Yes, reclassification of the type of diabetes is a real situation and increasingly often encountered in modern medical practice. The most common situation appears in adults initially diagnosed with T2 diabetes, who within a short interval of time (3-5 years) end up no longer responding to oral treatment and need to start insulin therapy. Subsequent testing of autoantibodies and C-peptide actually shows a T1 diabetes with slow evolution (LADA). There are sometimes adults diagnosed with T1 diabetes who, after additional testing, end up being reclassified as having MODY type diabetes [9].

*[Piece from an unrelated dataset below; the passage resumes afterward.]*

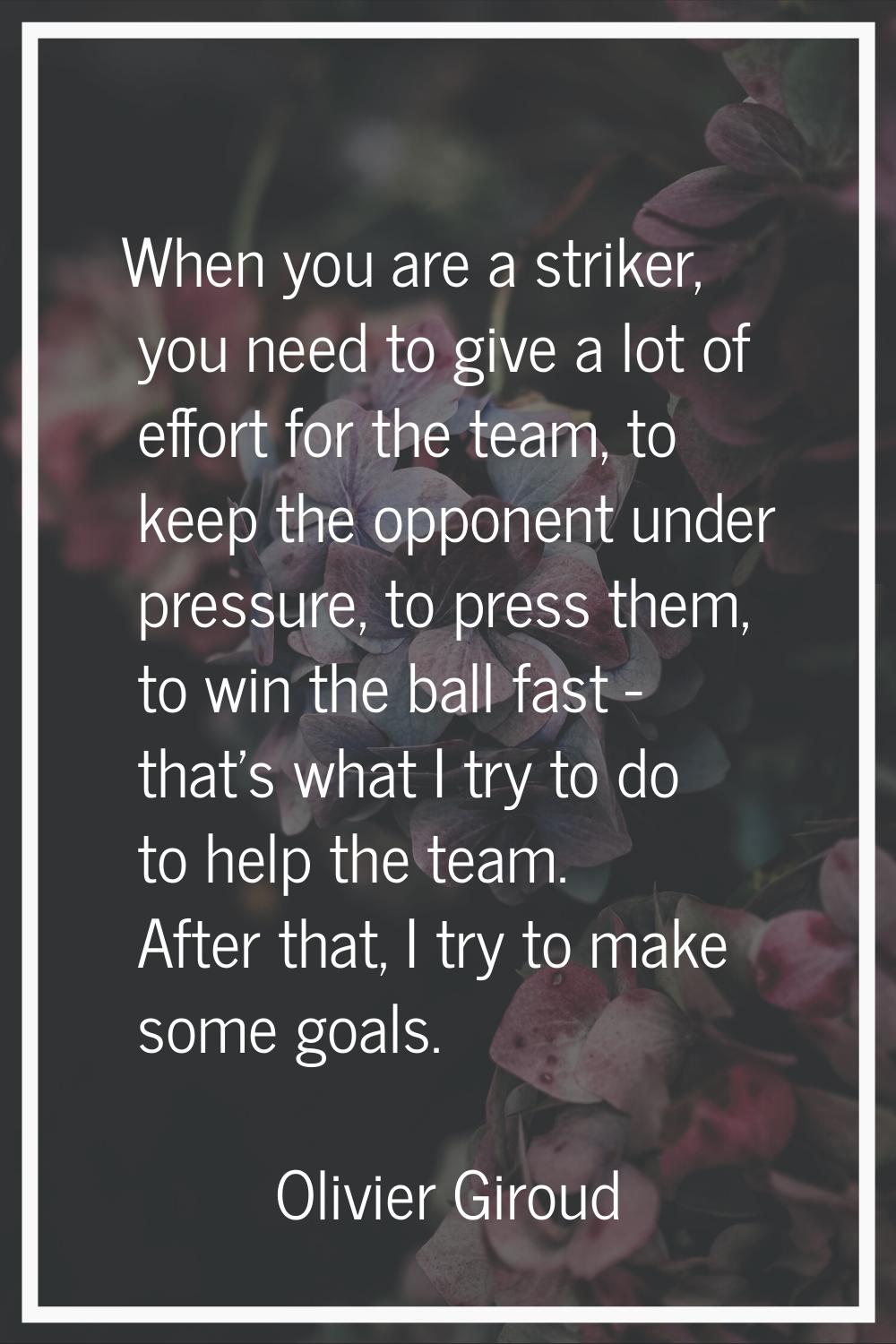 When you are a striker, you need to give a lot of effort for the team, to keep the opponent under p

The openness of physicians toward the reclassification process is important because it changes completely the therapeutic approach. For a patient with LADA, the early initiation of insulin therapy prevents the eventual appearance of ketoacidosis and protects the remaining beta cells. For a patient with MODY HNF1A or HNF4A, the transition from insulin to sulfonylureas can bring better glycemic control, without injections. Therefore, when the evolution does not correspond to the initially diagnosed type or when the response to treatment is unexpected, reevaluation of the diagnosis is useful, possibly radically changing the patient's life [9].

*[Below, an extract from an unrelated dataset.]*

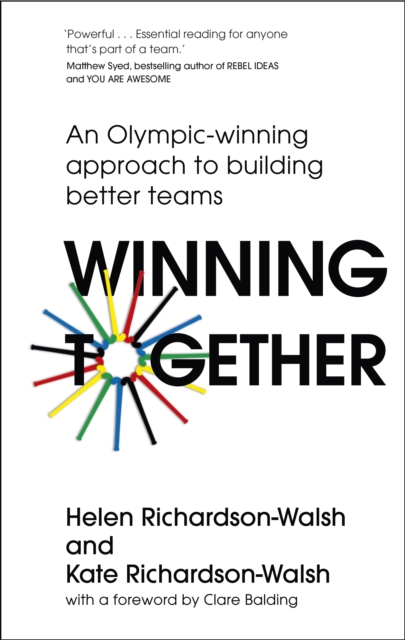 Winning Together : An Olympic-Winning Approach to Building Better Teams, EPUB eBook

Gestational diabetes is defined as hyperglycemia detected for the first time in the second trimester or third of pregnancy, which is not an obvious classic diabetes. Often gestational diabetes has characteristics of T2 diabetes, with increased insulin resistance (due to pregnancy hormones). In the majority of cases, blood glucose returns to normal after birth, but the women remain at increased risk of developing T2 diabetes within the next 10 years. Evolution toward T1 diabetes after a pregnancy is rare, but possible [10].

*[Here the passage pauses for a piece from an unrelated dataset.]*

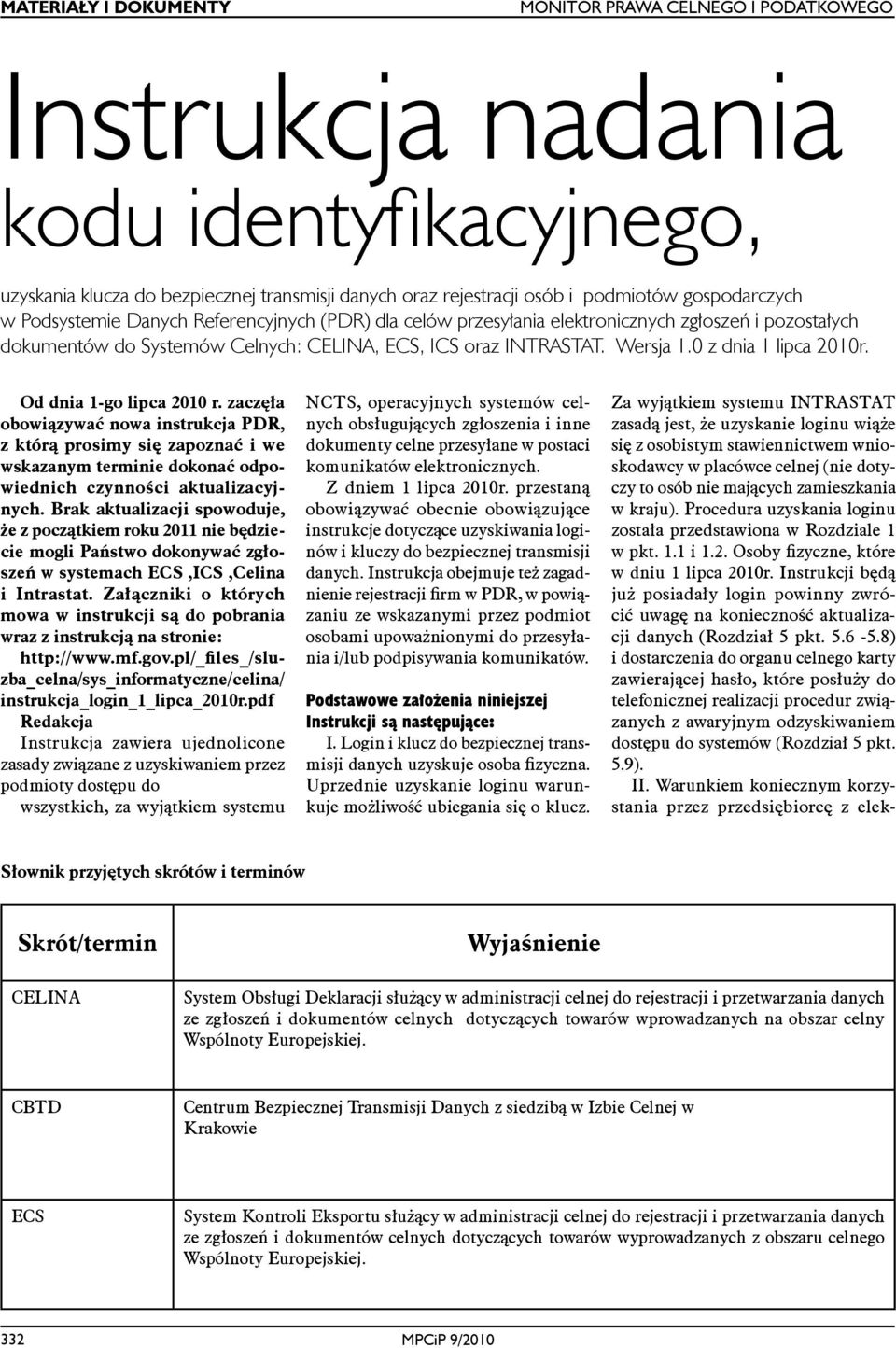 zaczęła obowiązywać nowa instrukcja PDR, z którą prosimy się zapoznać i we wskazanym terminie dokonać odpowiednich czynności aktualizacyjnych.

There are situations in which an incipient T1 diabetes manifests for the first time in pregnancy, being mislabeled as gestational diabetes. Clues to a correct diagnosis of T1 diabetes include rapidly increasing insulin requirement, lack of obesity, young age and persistence of hyperglycemia after birth. Measuring pancreatic autoantibodies in women with atypical gestational diabetes can identify the autoimmune forms (T1 diabetes). In all women with gestational diabetes, retesting of blood glucose 4-12 weeks after birth is indicated, and the persistence of hyperglycemia requires additional investigations [10].

Transient hyperglycemia can appear in people without diabetes in situations of acute stress, such as severe infections, traumas, surgical interventions, myocardial infarction or during treatment with corticosteroids. Blood glucose can reach high values (over 200 mg/dL / 11.1 mmol/L), but returns to normal after the situation that triggered it is resolved. In febrile children with acute illnesses, elevated blood glucose values can appear, which disappear after recovery [11].

Differentiation from T1 diabetes is done by following the evolution and through specific tests. In T1 diabetes, pancreatic autoantibodies are present, C-peptide tends to be persistently low, and hyperglycemia persists even after the resolution of the acute cause. HbA1c elevated above 6.5% (48 mmol/mol) suggests that the higher blood glucose values have been present for several months, being in this case an already established diabetes, not just transient hyperglycemia. Any child or young adult with hyperglycemia detected incidentally, even if it initially seems transient, should be evaluated for autoantibodies, because the early identification of T1 diabetes in the incipient stage allows some interventions that can slow the evolution [11].